Kore fu scritto (e riscritto) circa un decennio avanti che iniziasse la stesura decennale di Sirene. La “virgo semiselvatica” Dùdora è il preludio immaginale della sirena Àlia, che ne rappresenta la compiuta individuazione. Direi che Dùdora doveva morire per divenire, e risorgere finalmente da me stesso, come Àlia. Ambedue rappresentano quella figura psichica definita da C. G. Jung come “Anima”, ma a due livelli diversi. Mentre Dùdora deve morire affinché Stazio la possa transustanziare in sé stesso spiritualmente, Àlia acquista una completa autonomia umana, divenendo da immortale, in senso immanente, una creatura completamente umana, e quindi mortale, ma che può, a questo punto, accedere a una immortalità vera, perché spirituale.
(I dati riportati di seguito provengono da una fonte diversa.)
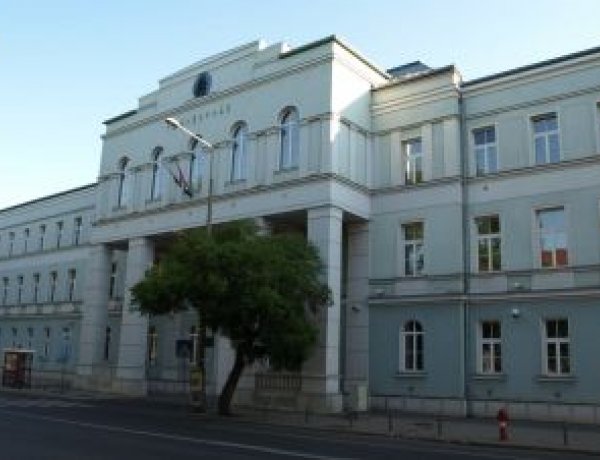 Jogerős döntést hozott a bíróság a polgármester ügyében     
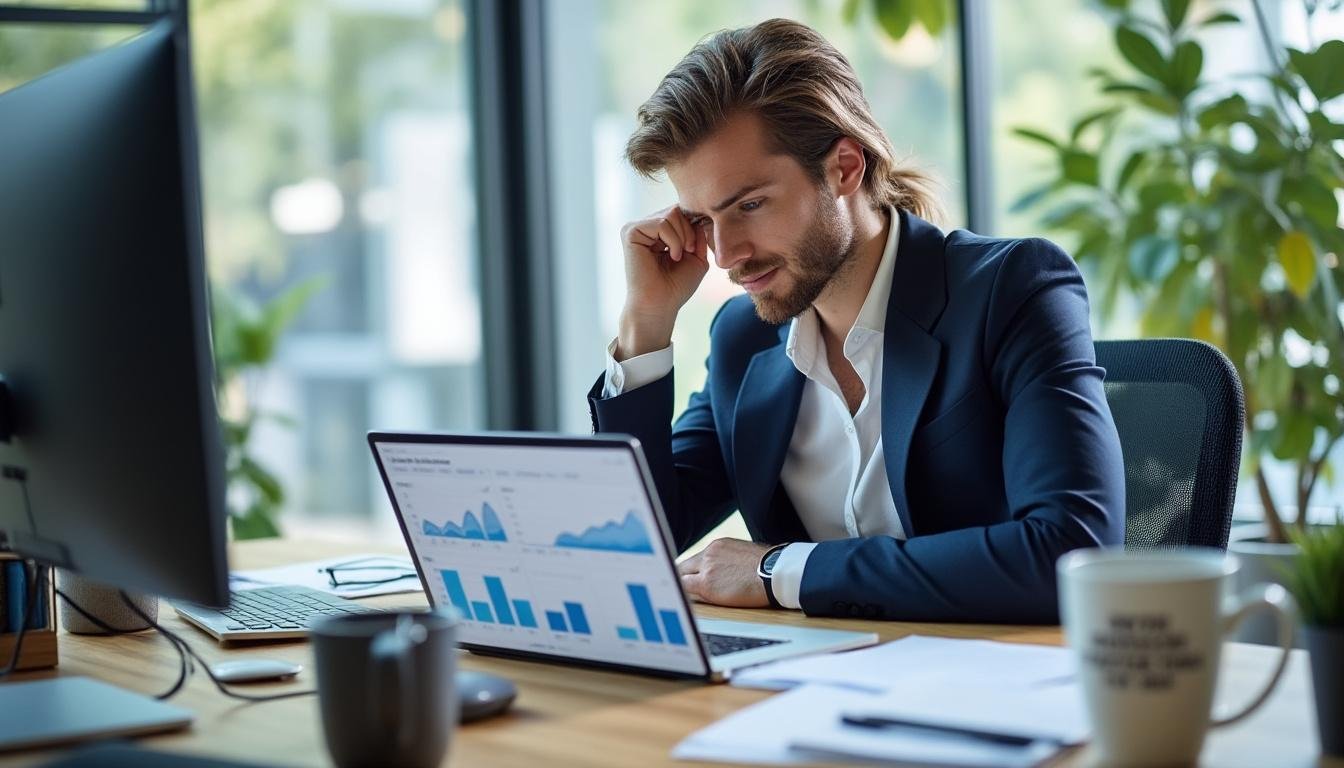 découvrez comment récupérer efficacement les heures non travaillées imposées par votre employeur, vos droits et les démarches à suivre pour faire valoir votre situation.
La sirena è, prima che l’amore di Davide la trasformi in umana, un “animale”, anzi, la perfezione dell’animalità, dotata anche d’intelletto, ma di un intelletto per così dire “orizzontale”, che nulla concepisce oltre i propri orizzonti biologici. Perciò, anche quando ella diventa terricola per brevi periodi, grazie a una libido, a un eros privo di amore, rimane sempre immersa nel mare dell’inconscio, non avendo così alcuna coscienza “esterna” della propria finitezza creaturale; era proprio questa privazione coscienziale a renderla immortale-immanente, ma indifferenziata dal mondo. Acquisendo, grazie all’amore di Davide, i limiti della mortalità, può concepire ciò che sta oltre di essa. Scrive l’ultimo Jung: “Il sentimento dell’illimitato, comunque, si può raggiungere solo se siamo definiti al massimo. La più grande limitazione per l’uomo è il ‘Sé’; ciò è palese nell’esperienza: ‘Io sono solo questo!’ Solo la coscienza dei nostri angusti confini nel ‘Sé’ costituisce il legame con l’infinità dell’inconscio. In questa consapevolezza io mi sento insieme limitato ed eterno, mi sento l’uno e l’altro. Se mi so unico nella mia combinazione individuale, vale poi a dire limitato, ho la possibilità di prendere coscienza anche dell’illimitato.” Il segno della compiuta maturazione umana Àlia lo scorge nel suo primo capello bianco.

 

* * *

 

Un’ultima considerazione. Quella italiana è, da san Francesco fino al Tasso, una letteratura eminentemente d’Amore, nel suo significato più vasto e profondo. Kore e Sirene, nei loro diversi generi letterari, appartengono a pieno titolo al midollo della nostra più profonda tradizione letteraria e spirituale.